▶ What to work on: Go through the data line by line from the top, retyping each exactly, and end with the line that contains "18 Lord Wardens Glen".

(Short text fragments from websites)
▼
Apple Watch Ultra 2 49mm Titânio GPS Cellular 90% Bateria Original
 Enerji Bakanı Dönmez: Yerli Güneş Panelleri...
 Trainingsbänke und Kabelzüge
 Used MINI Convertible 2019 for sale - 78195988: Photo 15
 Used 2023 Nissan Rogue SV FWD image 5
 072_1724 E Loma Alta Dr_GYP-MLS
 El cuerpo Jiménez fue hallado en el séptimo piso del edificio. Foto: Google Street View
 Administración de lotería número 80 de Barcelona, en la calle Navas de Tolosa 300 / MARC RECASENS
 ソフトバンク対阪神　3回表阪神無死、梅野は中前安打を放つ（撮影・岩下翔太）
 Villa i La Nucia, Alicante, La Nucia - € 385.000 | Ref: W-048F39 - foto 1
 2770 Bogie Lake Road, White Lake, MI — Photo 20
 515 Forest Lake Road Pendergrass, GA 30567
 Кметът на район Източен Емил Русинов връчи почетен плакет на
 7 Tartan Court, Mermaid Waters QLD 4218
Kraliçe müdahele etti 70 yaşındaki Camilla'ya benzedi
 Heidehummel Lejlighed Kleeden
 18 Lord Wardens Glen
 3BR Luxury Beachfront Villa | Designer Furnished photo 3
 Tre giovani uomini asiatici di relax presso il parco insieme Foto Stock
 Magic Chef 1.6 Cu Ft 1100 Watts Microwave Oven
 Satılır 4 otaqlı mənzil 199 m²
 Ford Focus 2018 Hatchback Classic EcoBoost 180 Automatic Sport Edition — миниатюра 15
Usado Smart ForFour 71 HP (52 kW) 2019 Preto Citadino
▲
▶ The answer:
Apple Watch Ultra 2 49mm Titânio GPS Cellular 90% Bateria Original
 Enerji Bakanı Dönmez: Yerli Güneş Panelleri...
 Trainingsbänke und Kabelzüge
 Used MINI Convertible 2019 for sale - 78195988: Photo 15
 Used 2023 Nissan Rogue SV FWD image 5
 072_1724 E Loma Alta Dr_GYP-MLS
 El cuerpo Jiménez fue hallado en el séptimo piso del edificio. Foto: Google Street View
 Administración de lotería número 80 de Barcelona, en la calle Navas de Tolosa 300 / MARC RECASENS
 ソフトバンク対阪神　3回表阪神無死、梅野は中前安打を放つ（撮影・岩下翔太）
 Villa i La Nucia, Alicante, La Nucia - € 385.000 | Ref: W-048F39 - foto 1
 2770 Bogie Lake Road, White Lake, MI — Photo 20
 515 Forest Lake Road Pendergrass, GA 30567
 Кметът на район Източен Емил Русинов връчи почетен плакет на
 7 Tartan Court, Mermaid Waters QLD 4218
Kraliçe müdahele etti 70 yaşındaki Camilla'ya benzedi
 Heidehummel Lejlighed Kleeden
 18 Lord Wardens Glen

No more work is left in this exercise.